Lec 17: Process Groups and Terminal Signaling

1 Pipelines and Process Groups

In the last lesson and lab, we've been discussing job control and the mechanisms that enable it. Generally, job control is a feature of the shell and supported by the terminal device driver. The shell manages which jobs are stopped or running and notifies the terminal driver which job is currently in the foreground. The terminal device driver listens for special keys, like Ctrl-c or Ctrl-z, and delivers the appropriate signal to the foreground process, like terminate or stop.

That narrative is fairly straightforward, as long as there is only one process running within a job, but a job may contain more than one process, which could complicate the actions of the terminal device driver. Additionally, jobs can be further grouped together into sessions, and the mechanisms that enable all this interaction requires further discussion. In this lesson, we will explore process grouping and how this operating system services support job control and shell features we've grown to rely on (and love?).

1.1 Pipeline of processes

Consider the following pipeline:

sleep 10 | sleep 20 | sleep 30 | sleep 50 &

Here we have four different sleep commands running in a pipeline. The sleep command doesn't read or write to the terminal; it just sleeps for that many seconds and then exits. None of the sleep commands are blocking or waiting on input from another sleep command, so they can all run independently. We just happend to put them in a pipeline, but what is the impact of that? How long will this job take to complete?

One possibility is that each sleep command will run in sequence. First sleep 10 runs, then sleep 20, then sleep 30 runs, and finally sleep 50 runs, and thus it would take 10+20+30+50 = 110 seconds for the pipeline to finish. Another possibility is that they run all at the same time, or concurrently or in parallel, in which case the job would complete when the loggest sleep finishes, 50 seconds.

These two possibilities, in sequence and in parallel, also describe two possibilities for how a pipeline is executed. In sequence would imply that the shell forks the first item in the pipeline, lets that run, then the second item in the pipeline, lets that run, and so on. Or, in parallel: the shell forks all the items in the pipeline at once and lets the run concurrently. The major difference between these two choices is that a pipeline executing in sequence would have a single process running at a time for each total job while executing in parallel, however, would have multiple currently running processes per job.

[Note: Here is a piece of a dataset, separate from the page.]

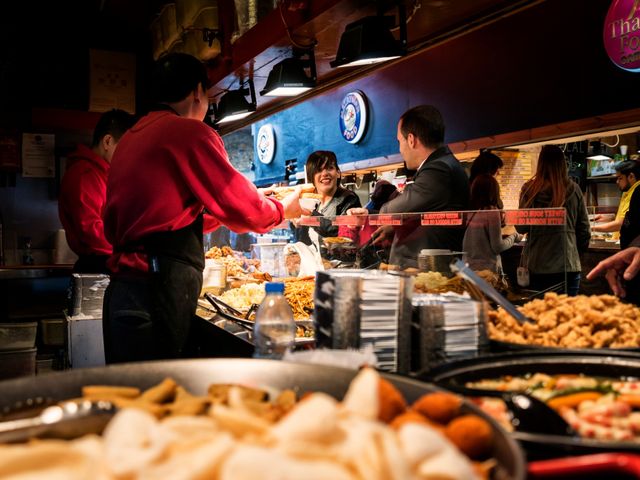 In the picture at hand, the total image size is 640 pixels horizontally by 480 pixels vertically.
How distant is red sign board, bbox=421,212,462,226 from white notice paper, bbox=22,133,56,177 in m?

By now, hopefully, you've already plugged that pipeline into the shell and found out that, yes, the pipeline executes in parallel, not in sequence. We can see this as well using the ps command.

sleep 10 | sleep 20 | sleep 30 | sleep 50 &
[1] 4128
aviv@saddleback: ~ $ ps -o pid,args
  PID COMMAND
 3981 -bash
 4125 sleep 10
 4126 sleep 20
 4127 sleep 30
 4128 sleep 50
 4129 ps -o pid,args

1.2 Process Grouping for Jobs

The implication of this discovery, that all process in the pipeline run concurrently, is that the shell must use a procedure for forking each of the process individually. But, then, how are these process linked? They are suppose to be a single job after all, and we also know that the terminal device driver is responsible for delivering signals to the foreground job. There must be some underlying procedure and process to enable this behavior, and, of course, there is.

The operating system provides a number of ways to group processes together. Process can be grouped into both process groups and sessions. A process group is a way to group processes into distinct jobs that are linked, and a session is way to link process groups under a single interruptive unit, like the terminal.

The key to understanding how the pipeline functions is that all of these process are places in the same process group, and we can see that by running the pipeline again. This time, however, we can also request that ps outputs the parent pid (ppid) and the process group (pgid) in addition to the process id (pid) and the command arguments (args).

#> sleep 10 | sleep 20 | sleep 30 | sleep 50 &
[1] 4134
#> ps -o pid,pgid,ppid,args
  PID  PGID  PPID COMMAND
 3981  3981  3980 -bash
 4131  4131  3981 sleep 10
 4132  4131  3981 sleep 20
 4133  4131  3981 sleep 30
 4134  4131  3981 sleep 50
 4135  4135  3981 ps -o pid,pgid,ppid,args

Notice first that the shell, bash, has a pid of 3981 and process group id (pgid) that is the same. The shell is in it's own process group. Similarly, the ps command itself also has a pid that is the same as its process group. However, the sleep commands, are in the process group id of 4131, which also is the pid of the first process in the pipeline. We can visualize this relationship like so:

Figure 1: Processes grouping in pipelines

As you can see, the rule of thumb for process grouping is that process executing as the same job, e.g., a single input to the shell as a pipeline, are placed in the same group. Also, the choice of process group id is the pid of the process.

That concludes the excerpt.